Primo di una serie d'imperatori cui si congiunge in legittima successione anche Enrico VII salutato appunto Caesaris et Augusti successor (Ep VII 5), .G. C., pur non riducendosi a personificazione astratta della dignità imperiale (ché da ciò lo preserva l'occasionale ma forte rilievo dei tratti personali e aneddotici) è nell'opera di D. soprattutto lo strumento di un progetto divino da cui l'eccezionale virtù militare del personaggio è stata voluta e guidata alla conquista di orizzonti sempre più vasti per una definitiva affermazione dell'universalità dell'Impero. Teso e per così dire concentrato in questa funzione, il G. C. dantesco non può distrarsi in imprese accessorie, estranee al quadro storico-politico che D. viene tracciando dal Convivio in poi: ed è perciò quasi certamente volontaria e ben meditata la rinuncia a ricordare i tratti e le imprese leggendari che il Medioevo aveva prestato al condottiero (cfr. A. Graf, Roma nella memoria e nelle immaginazioni del Medio Evo, Torino 1923, 193 ss.); altrettanto indicativo è il riferimento assai vago nel ritratto di Catone, al contrasto tra la libertà per cui questi si uccide e il dominio politico di G. Cesare. Ancor più significativo il rifiuto di quelle precise suggestioni di orgoglio cittadino che nella storiografia delle origini fiorentine facevano attribuire a G. C. la fondazione della città: nei suoi vari accenni alle origini romane di Firenze D. ignora, assai probabilmente di proposito, ciò che i cronisti più antichi affermavano con sicurezza al riguardo (cfr. O. Hartwig, Quellen und Forschungen zur ältesten Geschichte der Stadt Florenz, I, Marburgo 1875, 2 e 54-55); ed è non tanto scrupolo di esattezza storica quanto certezza che il glorioso portatore dell'aquila non poteva deflettere per nessuna ragione, anche onorevole e lusinghiera, dal cammino che gli era stato provvidenzialmente segnato.

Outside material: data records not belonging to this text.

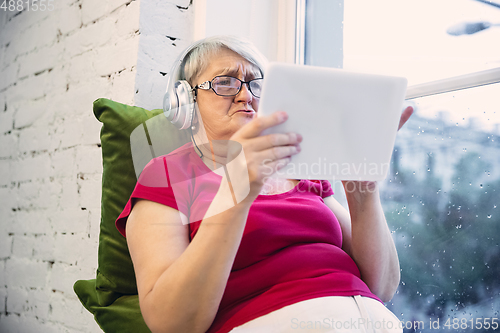 Image of Mature woman spending time being quarantined - caucasian woman using modern gadgets, drinking tea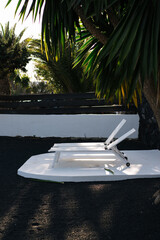 White sun beds on a black volcanic sand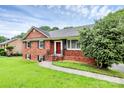 Attractive red brick house with a sidewalk leading to the front entrance at 6908 Lancer Dr, Charlotte, NC 28226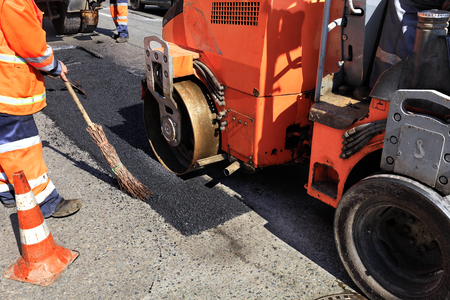 The road roller with the road service team installs asphalt and repairs the road section.の写真素材
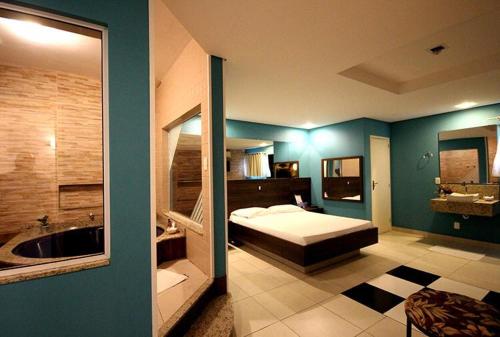 um quarto com uma cama e uma casa de banho com uma banheira em Motel Kalipso em São José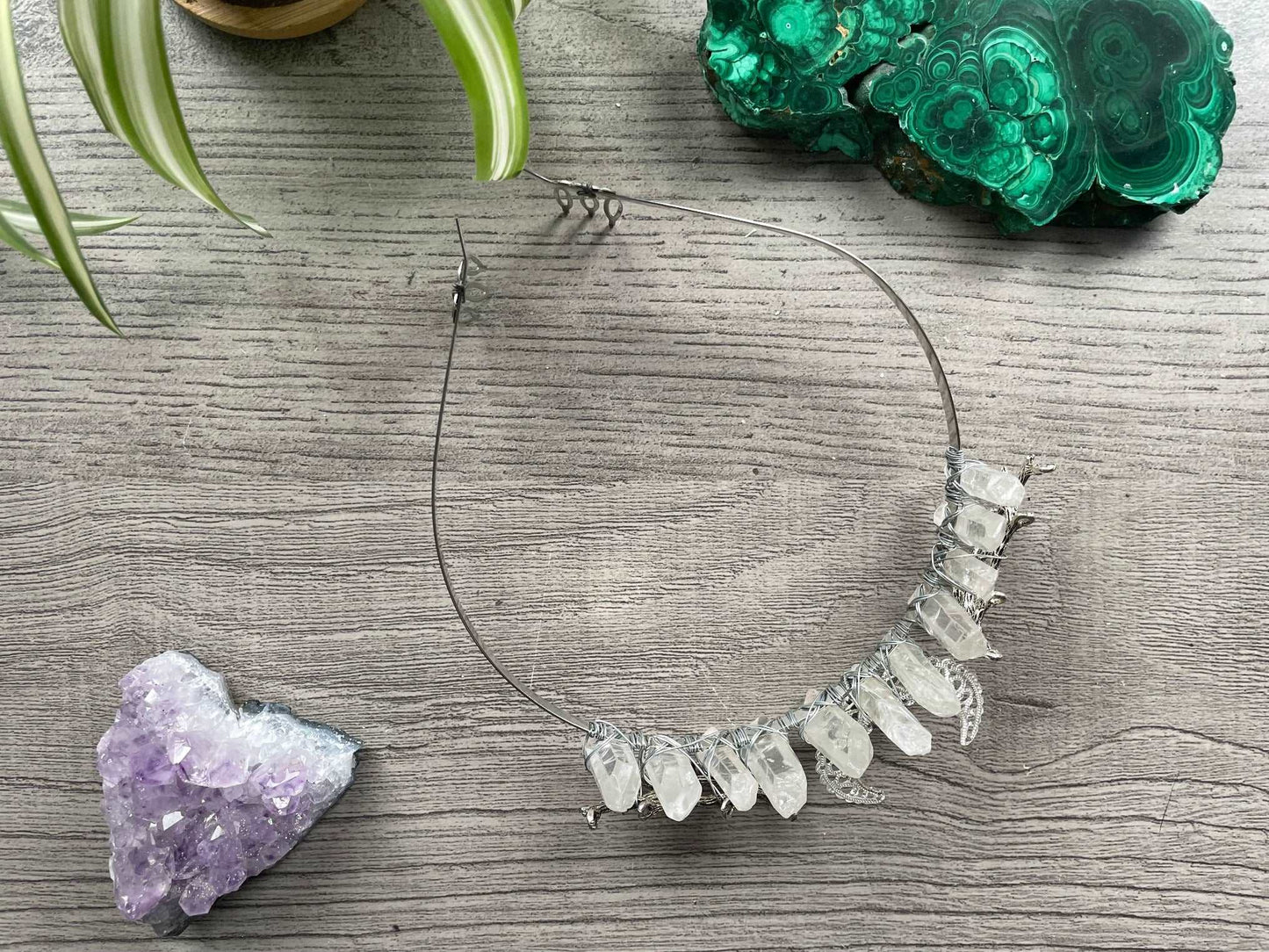 Pictured is a crown made with clear quartz points and a silver crescent moon.Clear Quartz Aura Crystal Crown - The Wandering Fox Emporium, Your Crystal Store top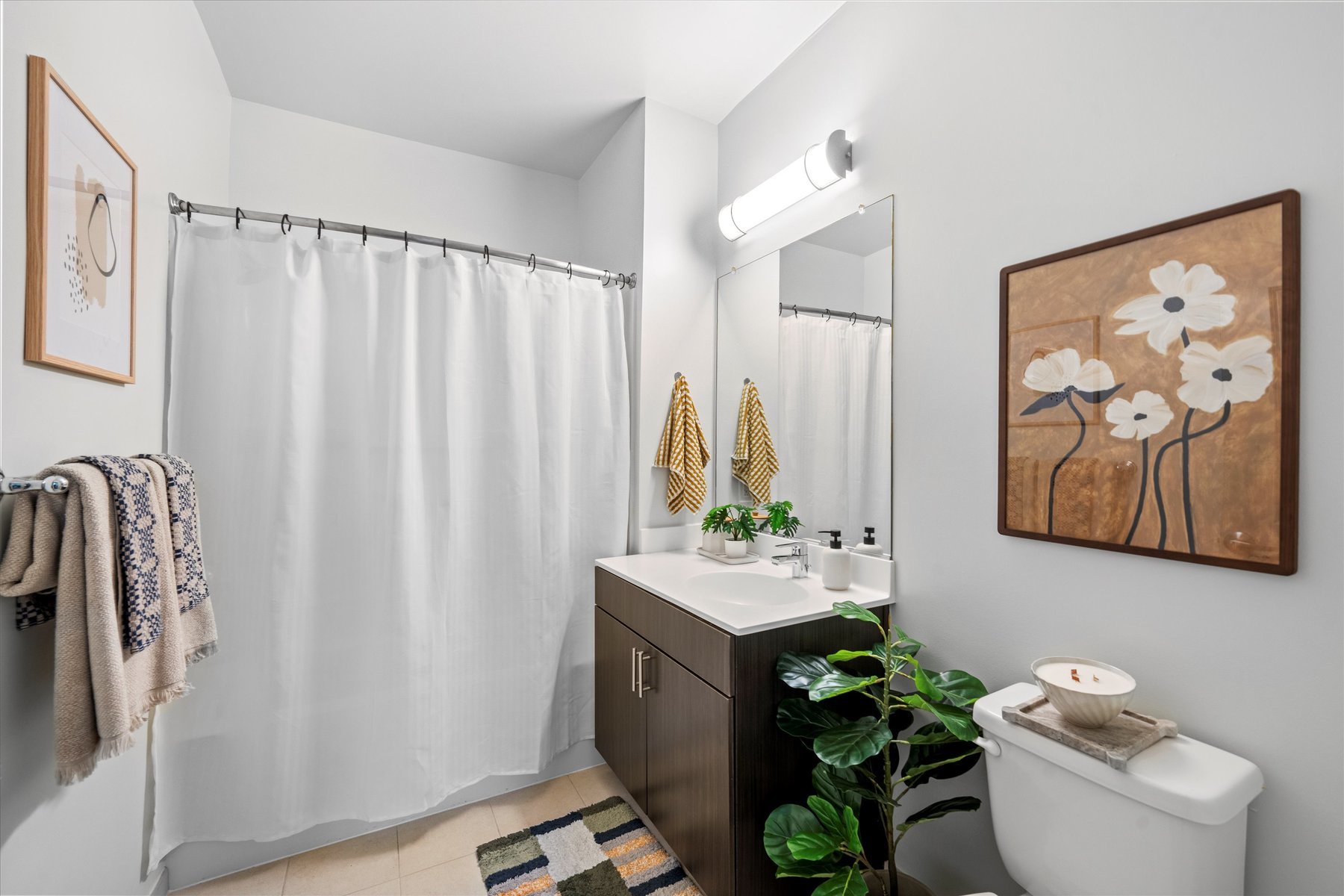 Modern bathroom at Rambler College Park South features a white shower curtain, dark vanity with sink, large mirror, towel rack, toilet, potted plant, and flower-themed wall art. Towels and a striped rug add color to the neutral space.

Il nome di Cesare, attribuito già nell'antichità come titolo onorifico agl'imperatori e - nei bassi tempi - ai designati all'Impero, torna più volte con questo valore antonomastico nell'opera dantesca; v. a questo proposito Cesare.
Bibl. - In generale v. la bibl. delle voci IMPERO; LUCANO; ROMA; utile specialmente C.T. Davis, D. and the Idea of Rome, Oxford 1957, passim; e cfr. S. Frascino, Cesare, Catone e Bruto nella concezione dantesca, in " Civiltà Moderna " II (1930) 850-874 (v. " Studi d. " XV [1931] 180-182); F. Gundolf, Caesar. Storia della sua fama, trad. ital. Milano 1934, 101-107; E. Schanzer, D. and Julius Caesar, in " Medium Aevum " XXIV (1955) 20-22. Per questioni particolari cfr. F. Mazzoni, Saggio di un nuovo commento alla Commedia. Il canto IV dell'Inferno, in " Studi d. " XLII (1965) 179-181 (su If IV 123: ivi altra bibl.). Si veda inoltre: P. Toynbee, D. Studies and Researches, Londra 1902, 113-114 (su Pg XXVI 76-79) e 131 (su Pd VI 61-72).